— Exercise —
Please, without any pictures, set down exactly the part of the listing below that opens with the line containing "The setting appears" and closes with the line containing "Red woven cord".

=== Dataset records ===

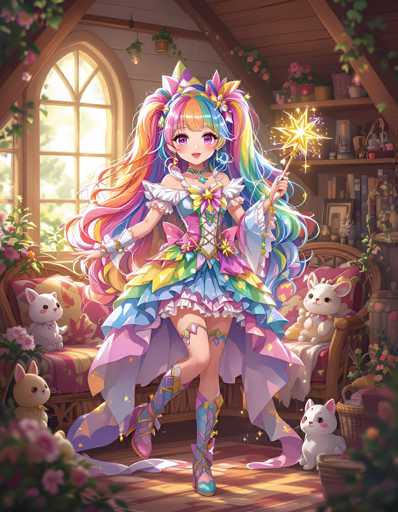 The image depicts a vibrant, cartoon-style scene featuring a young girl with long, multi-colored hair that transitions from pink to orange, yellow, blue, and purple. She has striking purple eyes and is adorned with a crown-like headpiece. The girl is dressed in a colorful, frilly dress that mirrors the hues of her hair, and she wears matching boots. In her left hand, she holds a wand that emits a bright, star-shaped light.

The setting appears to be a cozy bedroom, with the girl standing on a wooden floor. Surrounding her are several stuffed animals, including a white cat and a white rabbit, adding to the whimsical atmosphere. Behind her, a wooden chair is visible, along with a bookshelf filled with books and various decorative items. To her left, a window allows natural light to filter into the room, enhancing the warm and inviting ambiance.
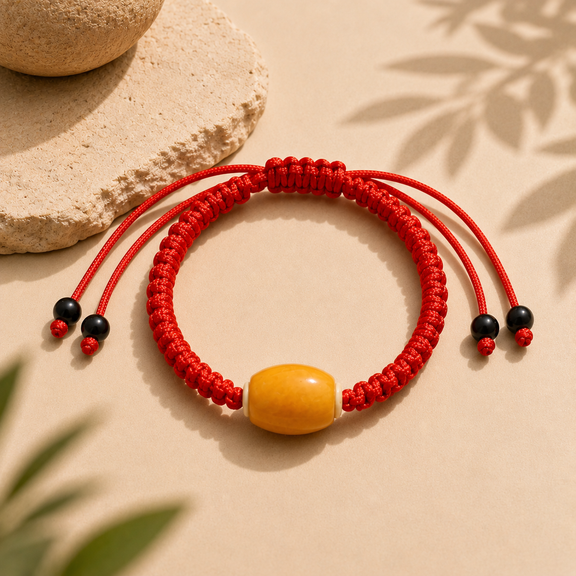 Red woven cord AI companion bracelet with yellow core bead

===
=== Dataset records ===

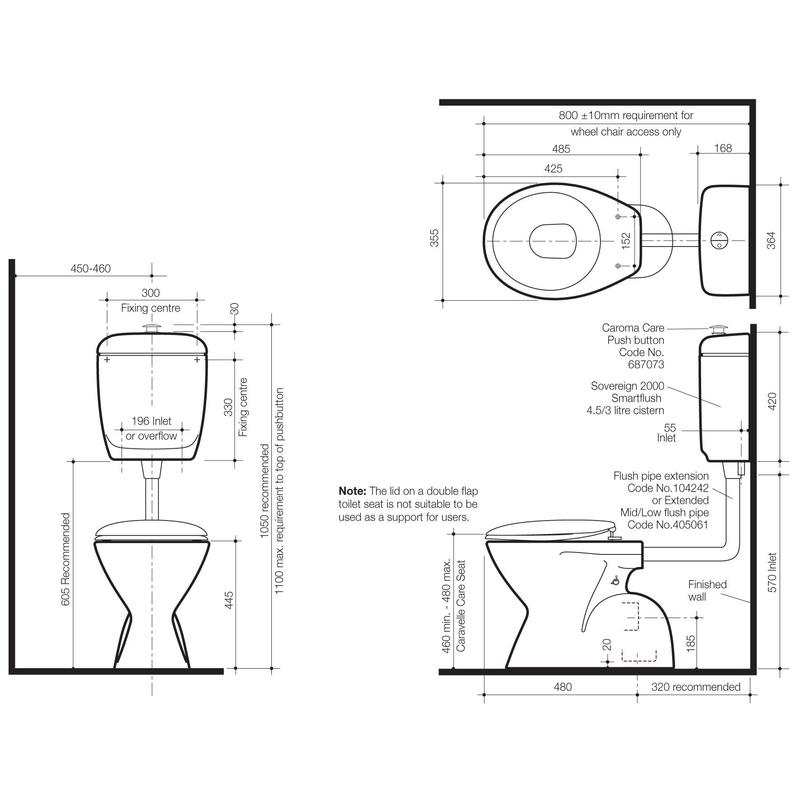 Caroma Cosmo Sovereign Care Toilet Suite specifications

===
=== Dataset records ===

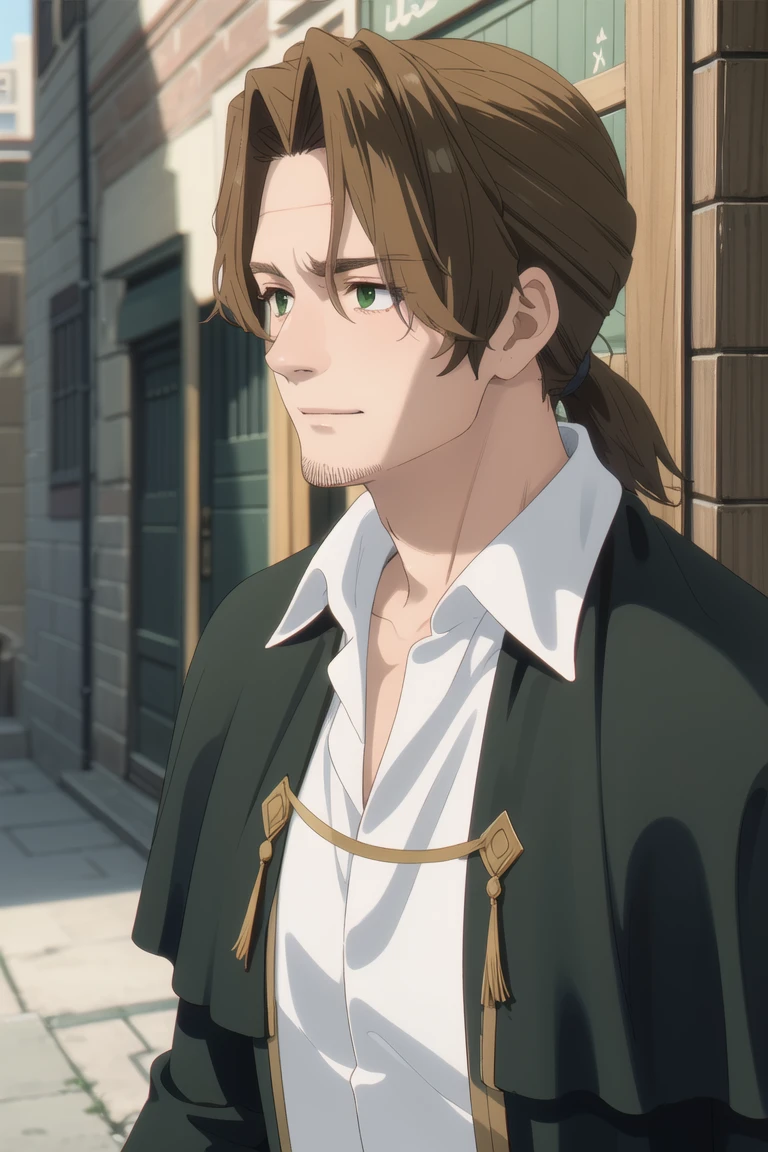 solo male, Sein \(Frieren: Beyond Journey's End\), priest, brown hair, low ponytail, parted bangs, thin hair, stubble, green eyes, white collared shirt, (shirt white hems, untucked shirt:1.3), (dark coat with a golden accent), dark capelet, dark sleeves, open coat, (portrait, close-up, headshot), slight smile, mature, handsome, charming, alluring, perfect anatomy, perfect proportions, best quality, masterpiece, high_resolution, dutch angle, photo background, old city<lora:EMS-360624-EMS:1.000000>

===

— Answer for this exercise —
The setting appears to be a cozy bedroom, with the girl standing on a wooden floor. Surrounding her are several stuffed animals, including a white cat and a white rabbit, adding to the whimsical atmosphere. Behind her, a wooden chair is visible, along with a bookshelf filled with books and various decorative items. To her left, a window allows natural light to filter into the room, enhancing the warm and inviting ambiance.
 Red woven cord AI companion bracelet with yellow core bead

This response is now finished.